The set of vertex sign changes and the determined distances may be
used to approximate the original signal. The determined vertex sign
changes and distances may be compared to a set of vertex sign
changes in the database to identifying a matching feature and its
corresponding event.
[0041] At step 306, it may determined if text is associated with
the segment. Text associated with a segment may comprise close
captioning data. The text may be comprised in the segment and/or
automatically generated using a variety of speech recognition
techniques. The content of the text is described with more detail
below. The text associated with a segment may be in one or more
languages. The languages may be indicated within the text.
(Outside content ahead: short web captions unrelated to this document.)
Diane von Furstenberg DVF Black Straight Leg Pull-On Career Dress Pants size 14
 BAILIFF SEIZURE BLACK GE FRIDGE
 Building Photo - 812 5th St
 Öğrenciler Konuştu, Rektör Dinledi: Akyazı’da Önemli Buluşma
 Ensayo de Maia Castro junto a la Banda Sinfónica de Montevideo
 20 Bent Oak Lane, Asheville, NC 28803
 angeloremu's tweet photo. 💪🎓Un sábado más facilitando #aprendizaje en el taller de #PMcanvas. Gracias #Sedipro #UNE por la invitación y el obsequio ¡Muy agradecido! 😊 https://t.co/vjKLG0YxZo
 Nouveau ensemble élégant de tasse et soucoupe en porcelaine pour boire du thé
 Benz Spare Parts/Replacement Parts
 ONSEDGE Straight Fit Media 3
[0042] At step 307, events in the segment may be determined based
on words, combinations of words, and/or parts of speech associated
with word(s) within the text. For example, text associated with a
car chase may comprise a description of how fast the car is
traveling and the presence of cars "on our tail." For example, text
associated with a lightning strike may reference weather conditions
and comprise an exclamation of surprise near the time of the
lightning strike. For example, text associated with a walk in a
dark forest may comprise a description of a creepy atmosphere
(e.g., in horror or suspense films) or romantic exchanges (e.g., in
romance films). For example, text associated with a hit in a
baseball game may comprise an identification of the batter and
words like "fastball" used as a noun and "swing" used as a verb.
The text may be analyzed on a sentence-by-sentence basis and/or by
considering a sentence within the context of neighboring sentences
and/or the entire text. One or more words within the text may be
stemmed or lemmatized to determine the lemma of the word. Stemming
a word may comprise determining a root form of a word by stripping
a suffix and/or a prefix for a word and/or looking up the word in a
lookup table. A lookup table for root forms may comprise a listing
of every word in a particular language and its corresponding root
form. The root form of a word may or may not correspond to a
dictionary word. For example, the words "argue," "argues," and
"argus" may reduce to the root form "argu", while the word "kite,"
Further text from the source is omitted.